Сбывалось то, во что потом трудно будет поверить не только читающей публике, но и тем, кто призван читать в людских сердцах. Сколько писателей, мыслителей, священников будут переживать за судьбу поэта, скорбеть о невозможности встречи русской Святости и русской Гениальности, сожалеть о том, что русская метаистория не осуществилась в таких великих именах, как Пушкин и Серафим, и видеть в этом причину долгих страданий народа.
Не ответил поэт Жуковскому на вопрос: “Что видишь, друг?”
Но ответ уже был готов.
Когда-то Пушкин в повести “Метель” рассказал о том, как Господь Бог соединил в таинстве венчания двоих суженых друг другу людей. Но метель, или война, или собственные грехи заставляли их, уже супругов, долгие годы мучиться от мнимой невозможности соединиться для совместной жизни.

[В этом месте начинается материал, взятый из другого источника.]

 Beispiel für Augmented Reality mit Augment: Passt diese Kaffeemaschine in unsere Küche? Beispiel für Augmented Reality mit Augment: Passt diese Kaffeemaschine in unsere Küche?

Не так ли и мы сетуем, что русская метаистория, Божий замысел о России, который должен был осуществиться в единстве духовного подвига Пушкина и Серафима, если и состоится когда-нибудь, то без них. Так наша метель, наша великая замять, наши войны и революции, наша вековая вражда не дают нам видеть, как зимой 1837 года в квартире на Мойке Господь Бог уже соединил в себе для вечной жизни и для нашего вразумления две великие русские души: Пушкина и Серафима.